In view of the signs of ${\mathrm{\Delta }}_{\mathrm{r}}{\mathrm{G}}^{\circ }$ for the following reactions

$\begin{array}{r}{\mathrm{PbO}}_2+\mathrm{Pb}\to 2\mathrm{PbO},{\mathrm{\Delta }}_{\mathrm{r}}{\mathrm{G}}^{\circ }<0\\ {\mathrm{SnO}}_2+\mathrm{Sn}\to 2\mathrm{SnO},{\mathrm{\Delta }}_{\mathrm{r}}{\mathrm{G}}^{\circ }>0\end{array}$

Which oxidation states are more characteristic for lead and tin ?

$\stackrel{+4}{\mathrm{Pb}}{\mathrm{O}}_2+\mathrm{Pb}\to 2\stackrel{+2}{\mathrm{Pb}}\mathrm{O}$

Free energy of the reaction is negative which implies that reaction is spontaneous. Lead (Pb) is more stable in +2 oxidation state than +4 due to inert pair effect, therefore the formation of PbO from PbO₂ is spontaneous. The characteristic state of Pb is +2.

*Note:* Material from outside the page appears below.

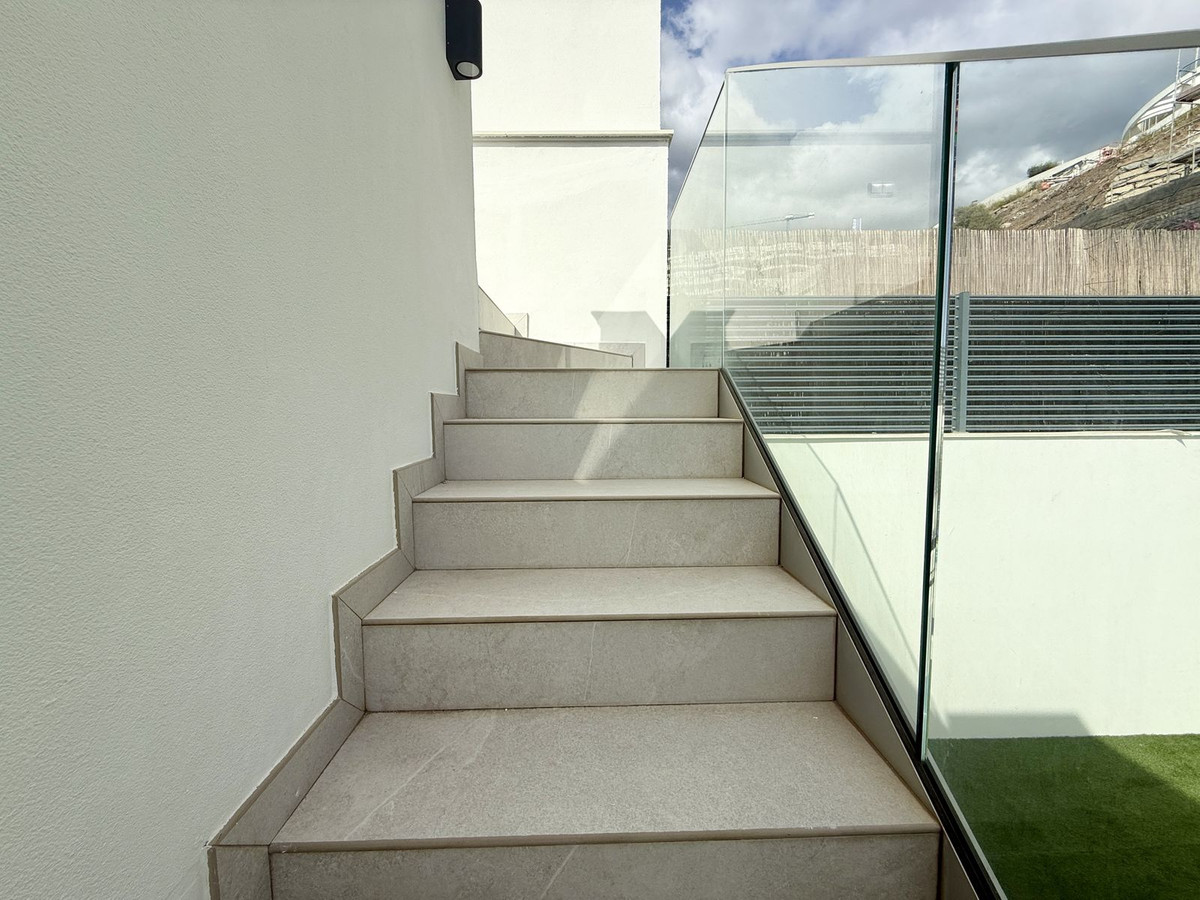 3 Bed, 2 Bath, ApartmentFor Sale, La Quinta, Malaga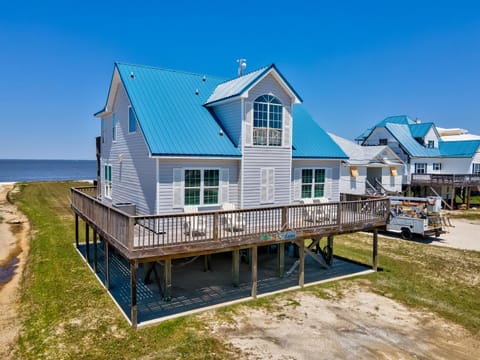 Ohana - Amazing views! A short stroll to gulf beach access, or stay home and relax in the hammocks and ocean breezes, home House in Dauphin Island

$\stackrel{+4}{\mathrm{Sn}}{\mathrm{O}}_2+\mathrm{Sn}\to \stackrel{+2}{\mathrm{Sn}}\mathrm{O}$

Free energy of the reaction is positive which implies that reaction is non-spontaneous. Therefore, the characteristic oxidation state of Sn is +4.